WHAT IS REQUIRED - The lines needed run from the one that contains "Estate Judith Ripka" through the end of the material below, both included; write them out exactly, with no pictures.

MATERIAL PROVIDED -
################
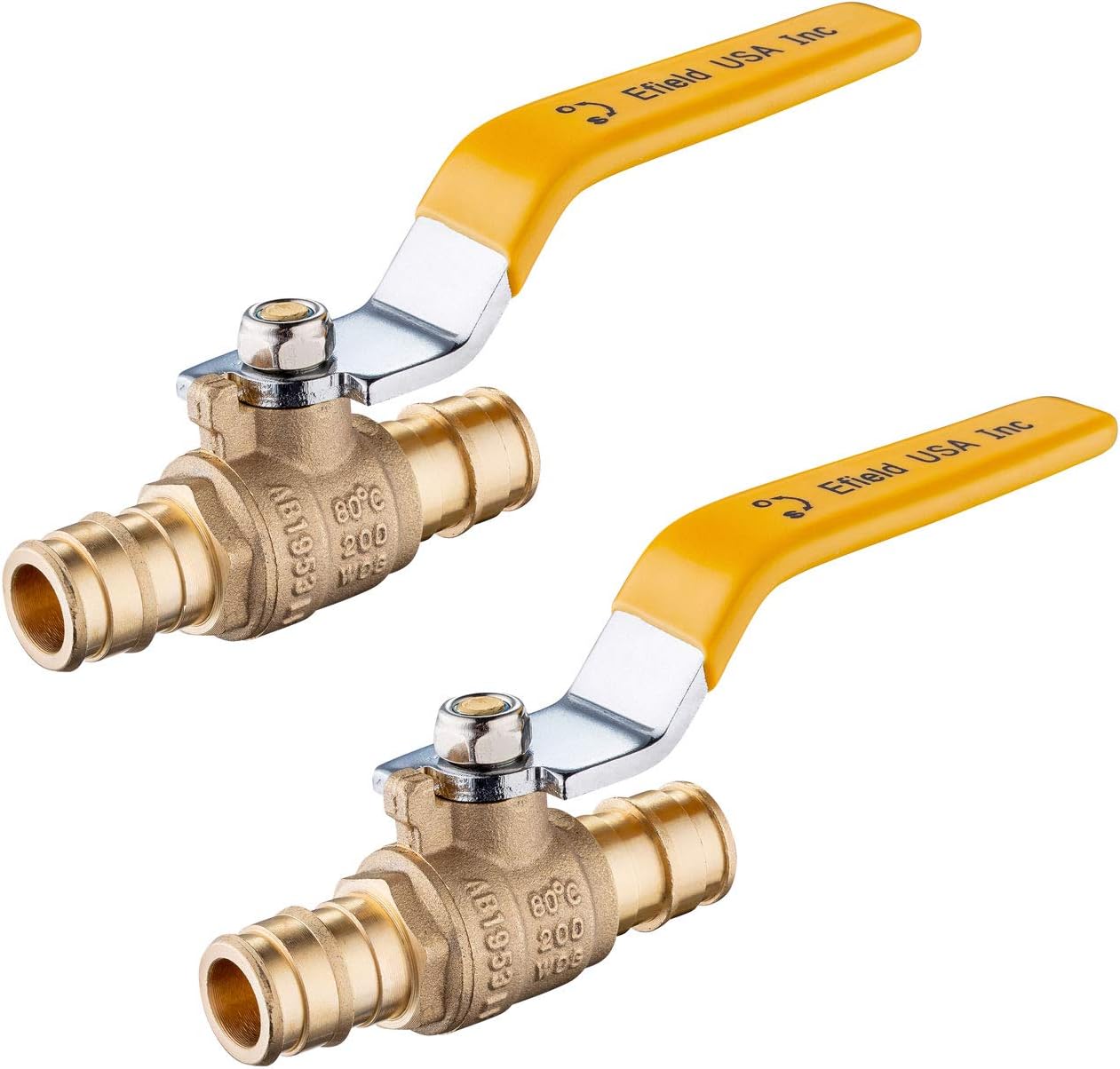 (Pack of 10) EFIELD 3/4 Inch Brass Ball Valve for Pex-A Pipe, F1960 Expansion Type only for Pex-A Pipe, Yellow Handle Lead Free Brass UPC Certified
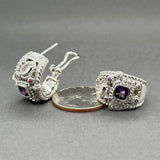Estate Judith Ripka SS Amethyst & CZ Hoop Earrings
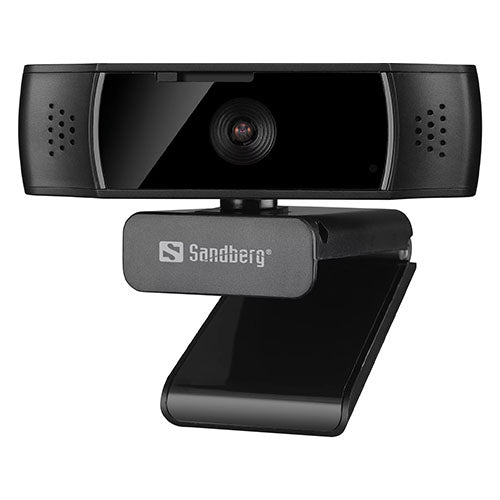 Sandberg USB Autofocus DualMic 1080p Webcam, Glass Lens, Autofocus, Auto Light Adjust, Digital Zoom, Stereo Mic, Clip-on/Stand, 5 Year Warranty - Baztex Webcams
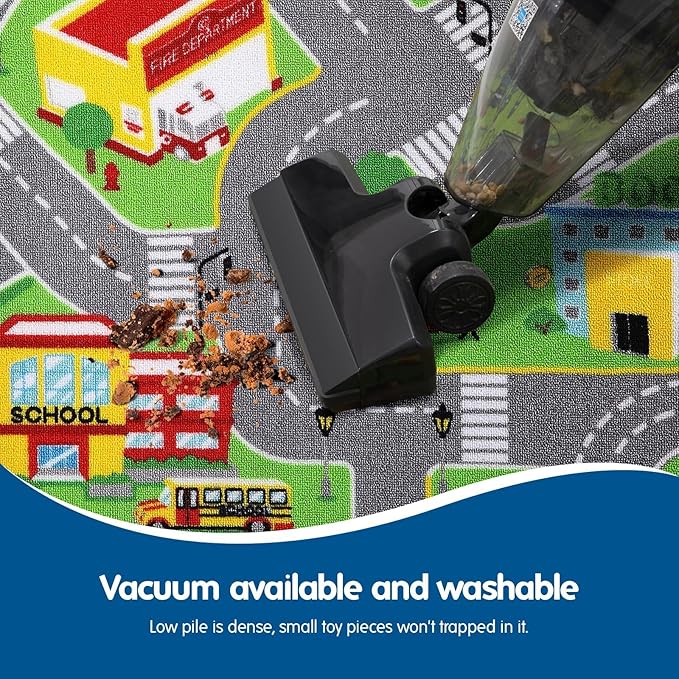 Booooom Jackson Car Rug City Life Great for Kids Toy Cars, Play Learn and Have Fun Safely - Kids Rug Baby Children Educational Road Traffic Play Mat for Bedroom Play Room Game Safe Area(59X78.74Inch)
################
RESULT FOR THIS TASK -
Estate Judith Ripka SS Amethyst & CZ Hoop Earrings
 Sandberg USB Autofocus DualMic 1080p Webcam, Glass Lens, Autofocus, Auto Light Adjust, Digital Zoom, Stereo Mic, Clip-on/Stand, 5 Year Warranty - Baztex Webcams
 Booooom Jackson Car Rug City Life Great for Kids Toy Cars, Play Learn and Have Fun Safely - Kids Rug Baby Children Educational Road Traffic Play Mat for Bedroom Play Room Game Safe Area(59X78.74Inch)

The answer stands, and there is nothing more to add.